Zuber: Well I think father Eric talked about the concept of time in this. And you know, part of the reason for the growth of religions was because there was fear among people. There were phenomena that they didn’t understand. And so religion provided an order for that to happen. And in fact, science at the time of Galileo wasn’t viewed as it is today. It wasn’t viewed as a full understanding of nature. It was viewed as a way of basically explaining the observations that we had.
So at the time of Galileo, the Ptolemaic idea actually explained the observations that we saw quite well. So people were afraid of total eclipses. But Ptolemy’s theory was able to predict the occurrence of eclipses. So the fact that it didn’t explain all of every detail of nature wasn’t viewed as problematic. The fact was that it explained something that would otherwise frighten people.
And so one of the things that we could learn is we should always be open to data. We should look at what the data is telling us. And if it causes us to change our idea, then we should change our idea. But we have to think about the pace of change. And even within science, change can occur in a way that’s so quick that other scientists don’t accept it. And so I think one thing that we can learn from this is just the importance of, in the process of change having a good enough dialogue and trying to get enough explanation going on that you can get buy-in to allow change to proceed.
Zittrain: It’s also a neat observation about intrainstitutional conflict in defiance, rather than interinstitutional. You mentioned Galileo and his peers maybe not agreeing rather than just between the sectors.
Salobir: And Galileo was a very good friend of the Pope Urban VIII, who turned his interdiction to teach to the possibility to teach as an [?]. So it means that he was inside the institution, as Copernican was a canon. So mainly he was part of the clergy.
Zittrain: Yes.
Salobir: And so yeah, we cannot oppose those two institutions. What we need to take in mind also is that at that time, the organization of all the society was related to religion. Especially because in Europe the kings were from a different rite. And so it means that it was challenging also all the political system in a way which was not let’s say defiant or what Gandhi did, because it was absolutely not the purpose. The purpose was not to provide any additional right to anybody, but it was just shaking the system in a way that people were not ready to face. And so that’s also why probably there were many frictions to change the mindset.
Zittrain: This gets to the pace of change point.

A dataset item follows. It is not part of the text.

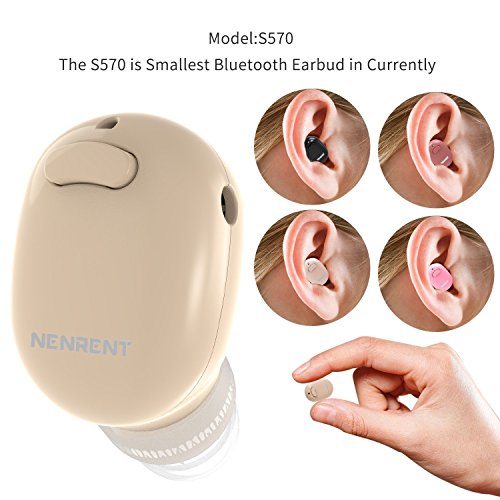 NENRENT Auriculares inalámbricos S570, Mini Auricular Invisible V4.1 Auriculares con micrófono Llamadas con Manos Libres para iPhone iPad Samsung Galaxy LG HTC Otro teléfono Inteligente (Nude)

Salobir: If I could just add something. This morning, one of the speakers said sciences have dogmas, too. And that’s interesting to see that. Most of the time we need to take some things for granted to go ahead. But time to time, we need to interrogate again everything which is in the line, everything we take for granted. And it’s this kind of tension between going ahead on bases that we consider as stable enough, and going back to that all the time. I mean, we need to find a way to do both in a way which allows us to go ahead and at the same time don’t go in the wrong direction.
Zittrain: That everywhere you look, the human quality of not wanting to hear something that might have an unpleasant consequence for your worldview, that no institution has a monopoly on that quality surely seems true.
Now, something you had mentioned earlier perhaps was that there had been a blurring between matters of religion and matters of, such as it was, science because you’d have people wearing multiple hats. Galileo was a member of the clergy and mingling with them and weighing in on that thing. And it sounded almost like you might be suggesting a deconfliction that would say “just be very clear which hat you’re wearing and stay within your zone.” That within science, we’re talking maybe about stringing facts together and having a theory around it, but maybe not a teleology about the meaning of life. And religion maybe shouldn’t concern itself too much about whether the Earth came first or the sun came first, through literalism. Is that a fair deconfliction or does that run into problems?
Salobir: I would say yeah, that’s necessary. On the other side, if you have kind of ignorance between the different sciences or fields, I don’t think it’s good. I think that the best situation is the situation of conversations among the disciplines. Just because each discipline cannot answer all the questions, or even ask all the questions which are necessary for itself, for its own work.
Zittrain: That suggests a lot of seats at a scientific conference for nearby fields, or maybe even distant ones. Should there also be seats for clergy?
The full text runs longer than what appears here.